Melanie C’s arms are raised like a champion fighter. I spy the famous Celtic armband tattoo. I clock the muscles. And then she bellows, “Super Muuuuum!” before dissolving into eye-crinkling laughter. The singer was recently away with her 13-year-old daughter and her friends; one went out too far on a paddle board, and C – short for Chisholm – swam to the rescue.
It wasn’t her first superhero-ish moment. At the height of Spicemania, when media interest was at its most intense and unboundaried, a Sun journalist accompanied her to meet a just-discovered half-sister, Emma, in Llandudno. “How crazy is my life, right? I mean, what the f***?” she recalls now, eyes popping.

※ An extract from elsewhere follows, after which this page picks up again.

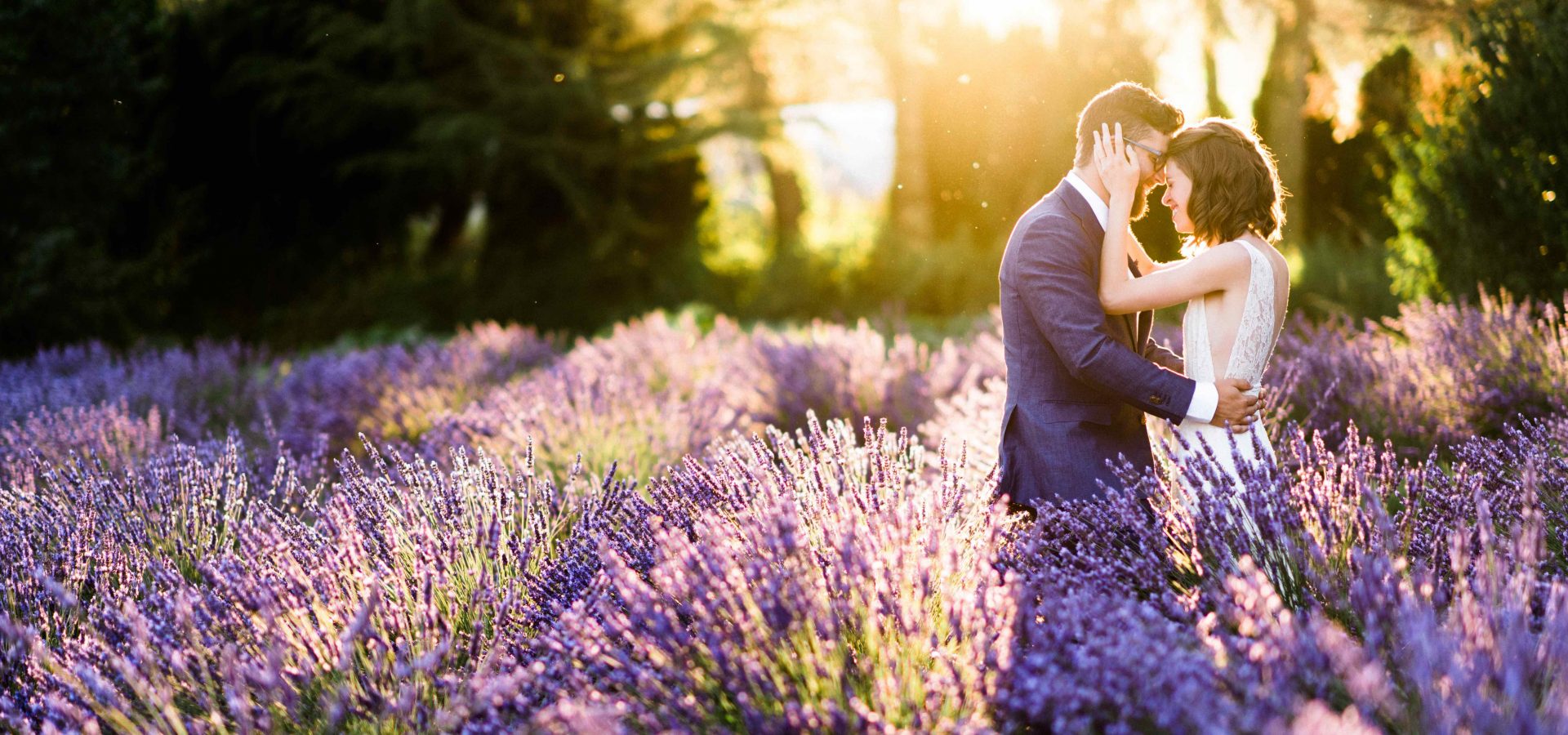 Woodinville Lavender Farm: The epitome of Seattle’s natural wellness landscape.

But once the photographers had gone, the siblings spent some time alone together on the beach. They spotted some boys who’d bullied Emma for – they thought – lying about having a Spice Girl for a sister. So Chisholm rocked up and, proper Scouse, said, “Alright?”

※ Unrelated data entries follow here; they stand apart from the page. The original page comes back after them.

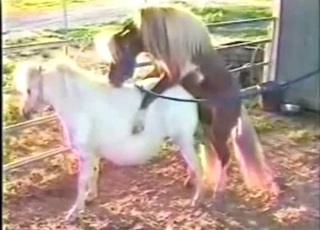 Animals and zoophiles have impressive sex action
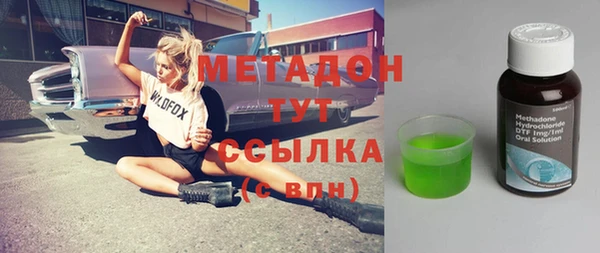 крисы Бородино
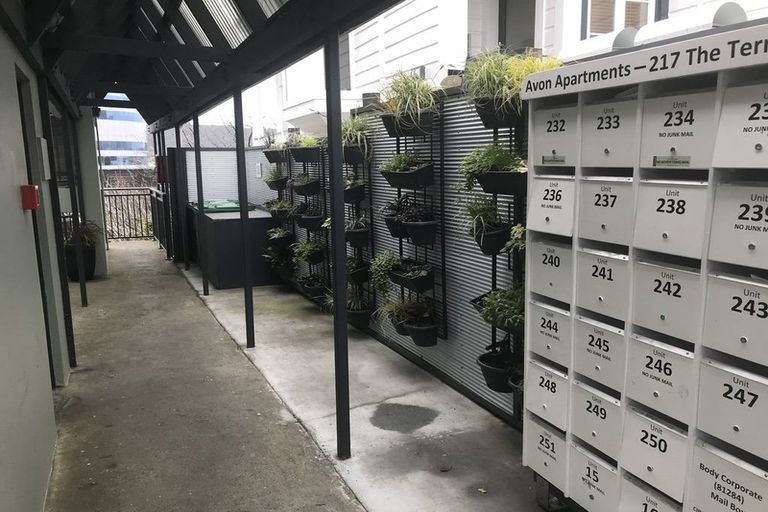 Photo of property in Avon Flats, 11/217 The Terrace, Wellington Central, Wellington, 6011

Being a Spice Girls fan, unfortunately, does not make you a superhero. It makes you normal. Still, my generation and I nurture a slightly embarrassing urge to express how much they meant to us, at any opportunity. Did I text everyone I knew to say I was interviewing Sporty Spice? I couldn’t comment. (One friend: “Omg she’s the best one”; my mum: “Did you tell her how much you loved the Spice Girls?”)
Perhaps the group’s psychic hold remains so visceral because that moment, when they were the biggest girlband – maybe biggest anything – in the world, was so brief and electric. Talking to Chisholm, I certainly feel like I’m speaking to someone I’ve known for years, and I can’t tell if it’s her heart-on-sleeve breeziness or the hours I spent poring over my Spice World VHS tape. And yet, according to Chisholm’s long-anticipated memoir Who I Am, released this week, we did not really know her at all.
Within its pages, she details her humble upbringing in working-class Widnes, the disorientating fame and wealth brought by the Spice Girls in the Nineties, her often-torturous time in the group, the devastating impact it had on her mental health, and her dogged commitment to making her own music. Reading it, I’m surprised she fought on for a solo career after the Spice Girls’ demise: it began with a baptism-of-fire bottle-pelting at the 1999 V Festival.
Clearly, Chisholm is a bit of a trooper, and her story is one of self-acceptance and resilience. It’s been 26 years since the release of “Wannabe”. Other than Emma Bunton, she is the last Spice Girl to write about her life. Why now?
“Gosh. It has been a long time, hasn’t it?” says the 48-year-old. “The way celebrity culture has been in the last 20 years, people tend to do it a bit sooner, don’t they? But… I never felt ready,” she says on Zoom from her Hampstead home, in a light-filled attic room. She wanted to own her narrative and share experiences that might be useful to others – but she also had reservations; re-reading old press coverage, she writes, sent her “into a dark place for about a week”.
And there is a lot of darkness in the book, from mental health struggles to the story of being sexually assaulted by a hotel masseur the night before a Spice Girls concert. Chisholm showed Who I Am to her close family and the rest of the band first, to make sure they were “comfortable with the way I’ve spoken about things that involved them”.
Her experience of fame left an uncomfortable legacy, so much so that she admits it took her until 2014 to be able to watch the 1998 Spice World film. But the group’s 2019 stadium reunion tour – minus Victoria Beckham – marked a turning point for Chisholm. After years of frustration and self-criticism, something clicked into place on stage. Looking out at the euphoric crowds, she explains, “[I was] just like… ‘F***’. I think all of us girls realised the impact we’d had on so many people, and I just realised that… I’m still that person. I’ve never really changed.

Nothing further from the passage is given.